Analysts Indicate Turn Is Coming
Laura Peters -- Semiconductor International, 8/1/2006
In the midst of what, by most appearances, is still a hot semiconductor market, leading industry analysts say it's time to prepare for the inevitable: a downturn. What the nine analysts who participated in Semiconductor International's latest mid-year industry forecast webcast debated the most was the timeframe for the slowdown — whether it will occur as soon as 4Q06 or as late as 2008. Much depends on consumer confidence and keeping inventories low. "We have these really high utilization rates but ASPs are not that firm, so we think the industry is still quite skittish, people are reacting more quickly and effectively to inventory changes, which is tempering revenue growth a little bit," said Richard Gordon, managing vice president of semiconductors at Gartner Dataquest (San Jose).
Lower prices on chips despite high-90s fab utilization is a condition the industry has not seen before. This points to a changed market dynamic that may be here to stay with consumers now driving about half of the consumption of ICs. "If you're a retailer, you have to make guesses now as to what the demand will be during the holiday season," said Doug Andrey, principle industry analyst at the Semiconductor Industry Association (San Jose).

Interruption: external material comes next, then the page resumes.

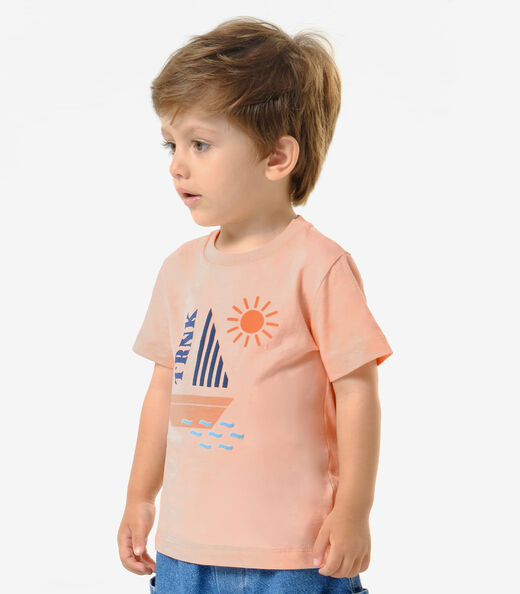 Conjunto Infantil  Camiseta Com Bermuda Trick Nick Rosa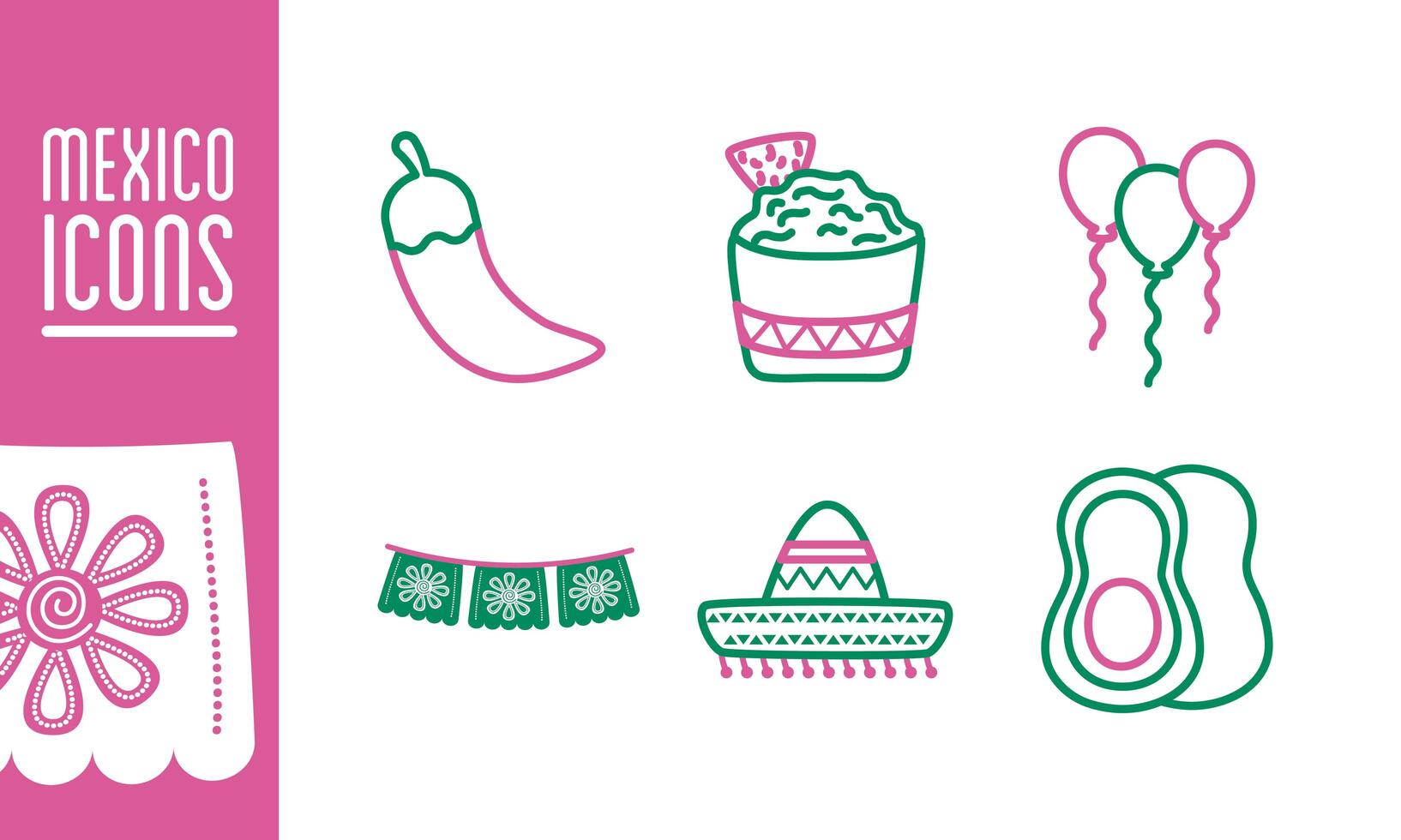 bundle of mexican set icons vector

The strength of underlying demand for the two largest applications, PCs and cell phones, is of great importance (Fig. 1). "After 2007, as the pop from MP3 and cell phone sales slows, we don't see any new products replacing them that can provide the same kind of growth," said Gary Grandbois, principal analyst at iSuppli (San Jose). "Despite the proliferation of consumer devices, none compares in market size with the size of the PC and cell phone markets," he added. Even so, the replacement cycle for cell phones is in the process of shifting from an average of 24 months to 18 months, and multi-functional phones are becoming more the norm than the exception, fueling growth. Inventory tracking through 1Q06 (Fig. 2) indicates the industry is in the normal range.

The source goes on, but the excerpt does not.